◆ **Data supplied**:

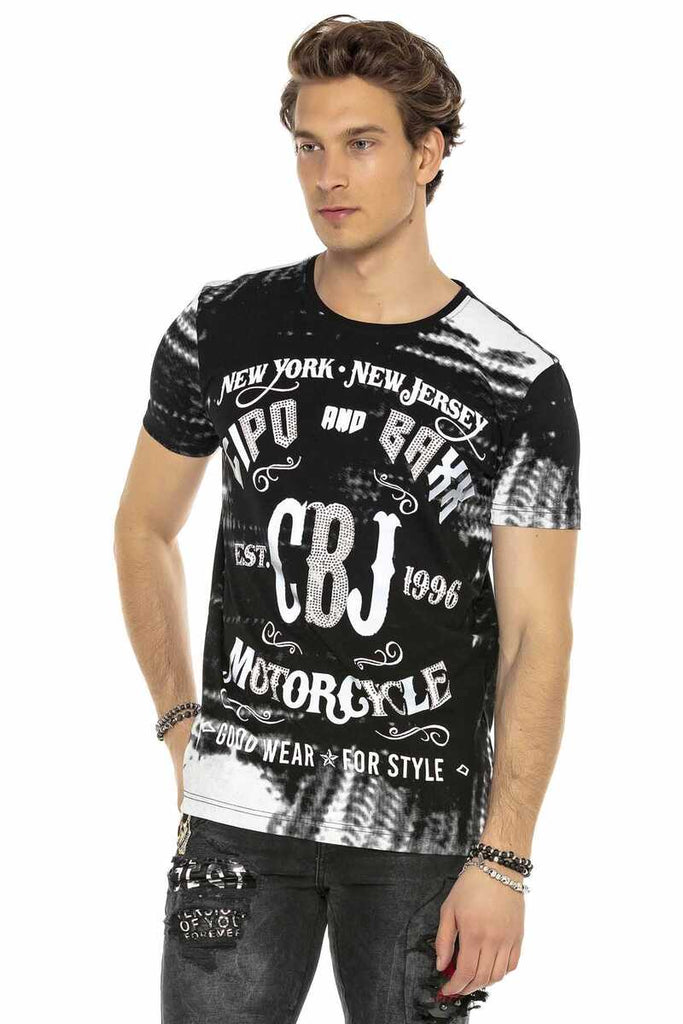 CT537 Herren T-Shirt mit grafischem Biker-Print - Cipo and Baxx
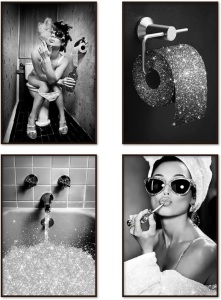 Set of 4 Bathroom Decor Wall Art Prints, 8x12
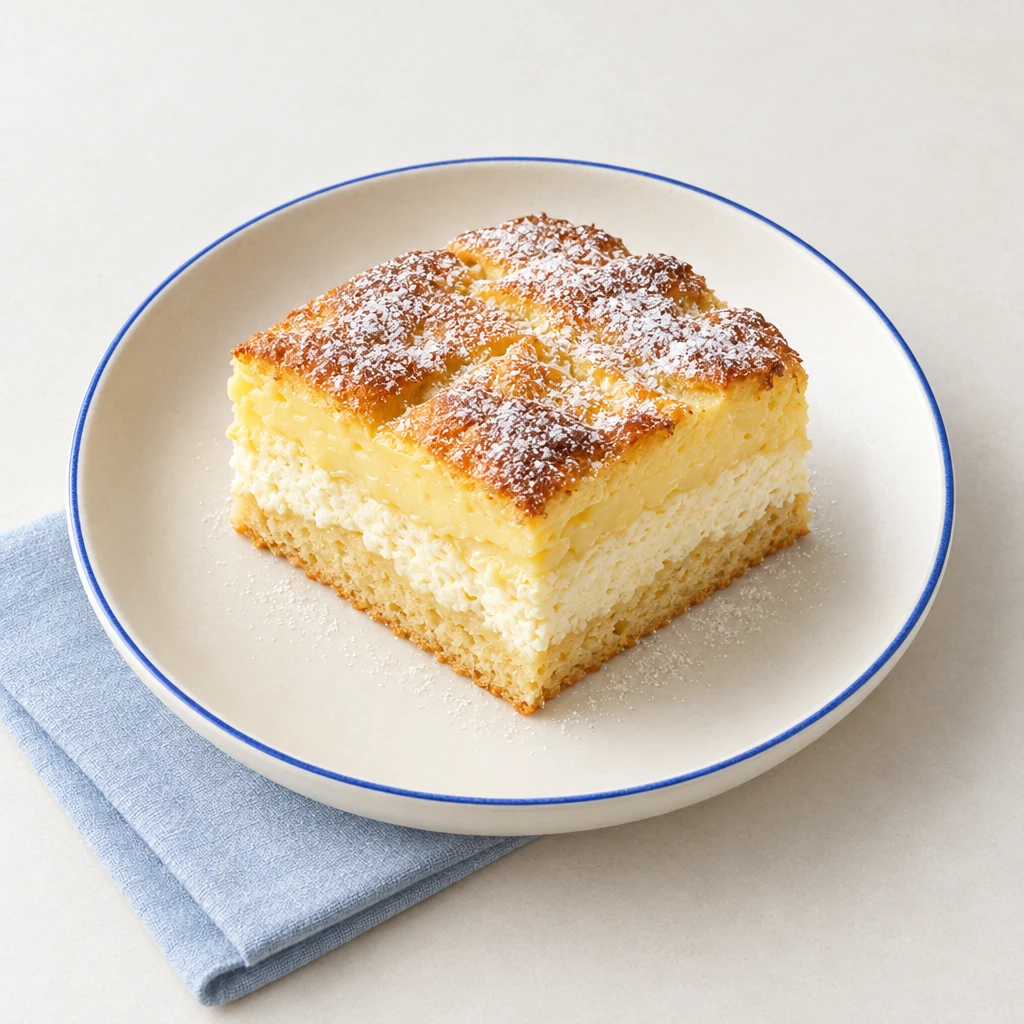 Ein Stück Eierschecke mit Hefeboden, heller Quarkschicht und goldbraun gebackener Puddingschicht.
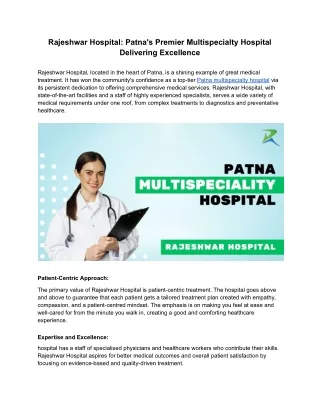 Patna's Premier Multispecialty Hospital Delivering Excellence
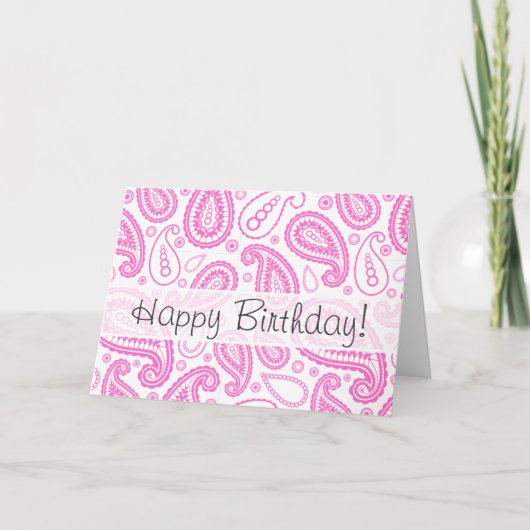 Carte Motif rose Paisley (Devant)
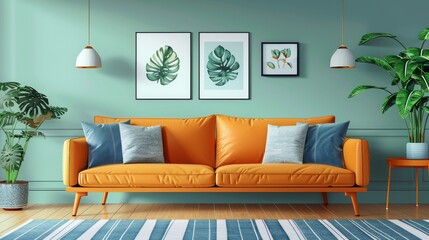 Fototapeta premium Living Room Sofa Texture: A vector illustration highlighting the importance of sofa texture in a living room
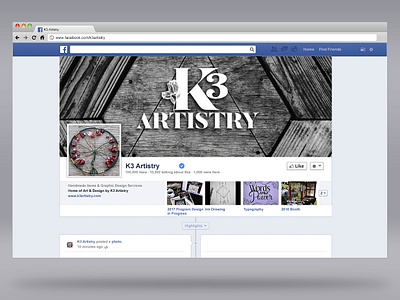K3 Artistry Facebook Brand Page branding design facebook facebook cover illustration mockup typography vector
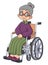 Grandmother sits in a wheelchair on a white background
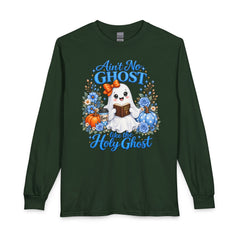 Ain't No Ghost Like the Holy Ghost Long Sleeve T-Shirt | Cute Christian Ghost Design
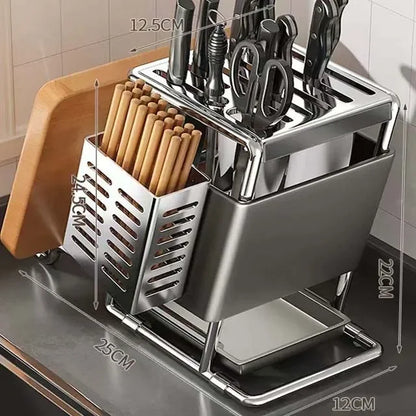 Stainless Steel Kitchen Knife Holder Multifunctional Knife Storage Organizer Cutlery Rack Pot Lid Rack Cutting Board Racks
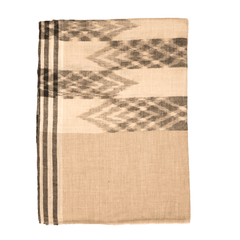 Ikat Cashmere Pashmina Stole - Natural Black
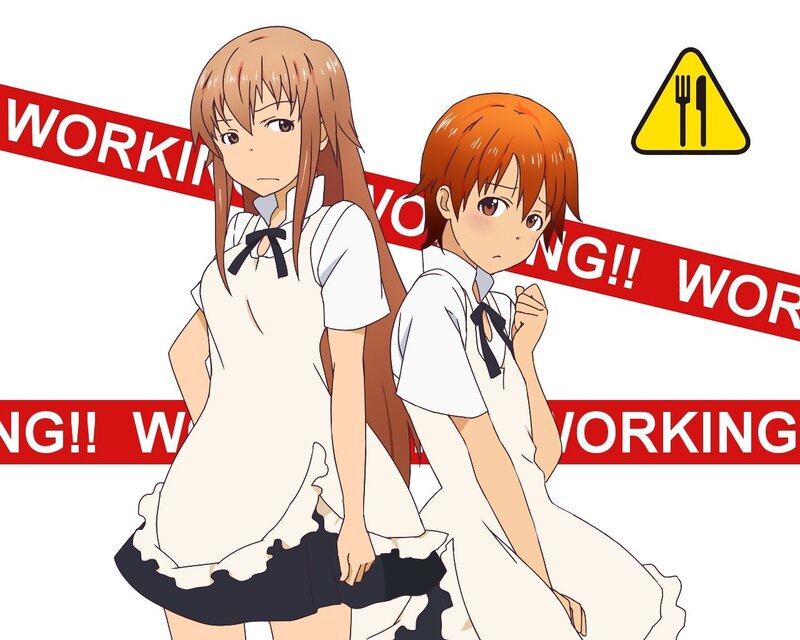 Two girls in maid outfits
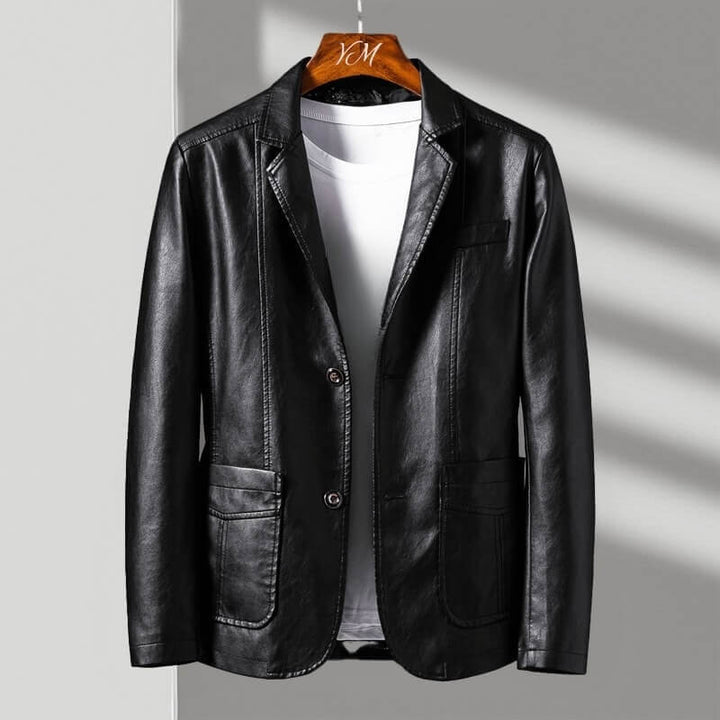 Men's blazer jacket with notched lapels, long sleeves and patch pockets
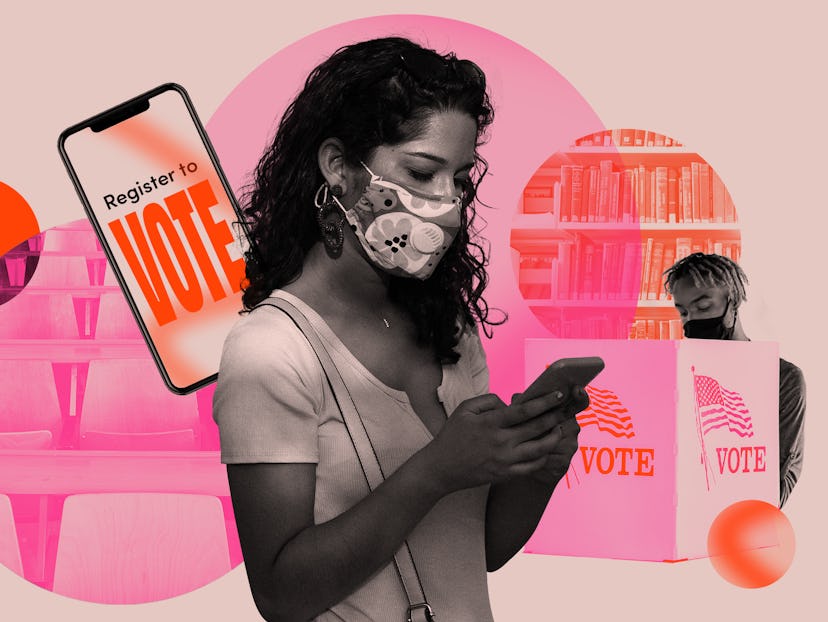 A black and white woman wearing a mask against a pink backdrop of get-out-the-vote images. Latinx co...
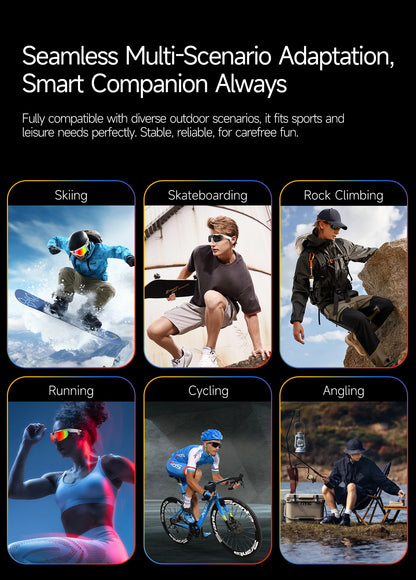 LIGE New Smart Glasses 800W Pixels Camera  1080P Video Waterproof Outdoor Cycling UV protection Bluetooth Call Smart Sunglasses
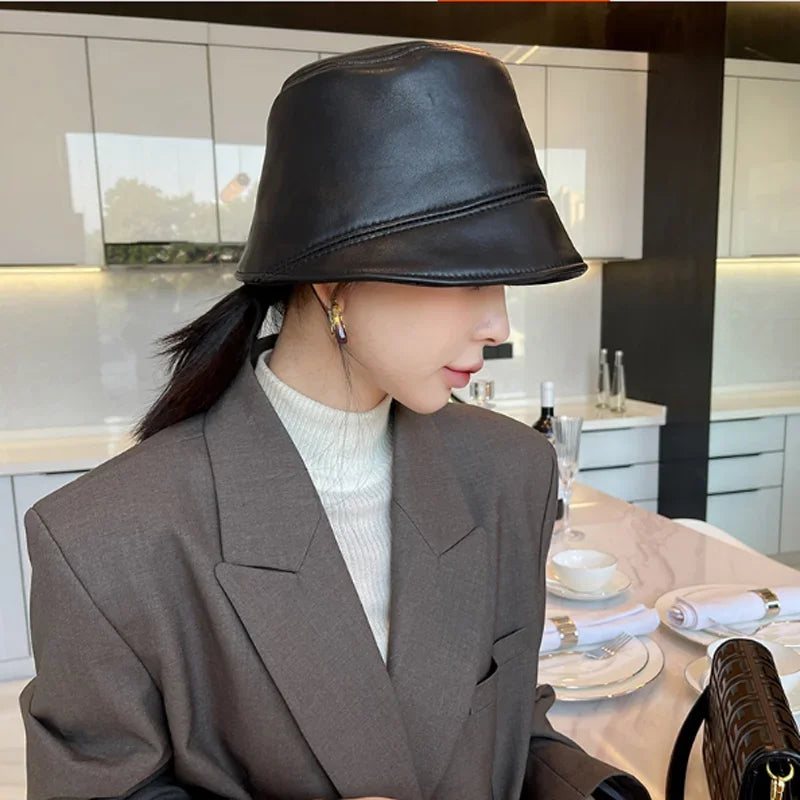 Stylish Leather Bucket Hat
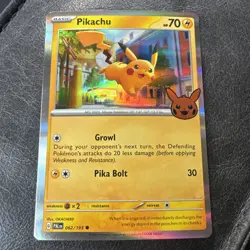 Pokemon: Pikachu #062/193 Holo Rare 2023 Halloween Card STAMPED - NM/ MINT - G30 - Image 1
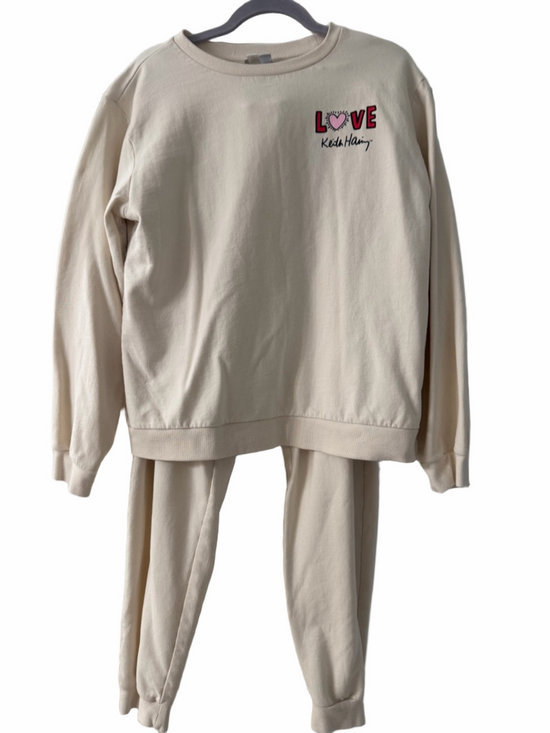 keith haring Tops - Keith Haring LOVE Cream Sweatshirt Jogger Set M EUC Lounge Co-Ord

◆ **Problem requirements**:
Transcribe every line from the one containing "Stainless Steel Kitchen" to the end of the listing, exactly and exclusively. Do not carry any picture over.

◆ **Answer space**:
 Stainless Steel Kitchen Knife Holder Multifunctional Knife Storage Organizer Cutlery Rack Pot Lid Rack Cutting Board Racks
 Ikat Cashmere Pashmina Stole - Natural Black
 Two girls in maid outfits
 Men's blazer jacket with notched lapels, long sleeves and patch pockets
 A black and white woman wearing a mask against a pink backdrop of get-out-the-vote images. Latinx co...
 LIGE New Smart Glasses 800W Pixels Camera  1080P Video Waterproof Outdoor Cycling UV protection Bluetooth Call Smart Sunglasses
 Stylish Leather Bucket Hat
 Pokemon: Pikachu #062/193 Holo Rare 2023 Halloween Card STAMPED - NM/ MINT - G30 - Image 1
 keith haring Tops - Keith Haring LOVE Cream Sweatshirt Jogger Set M EUC Lounge Co-Ord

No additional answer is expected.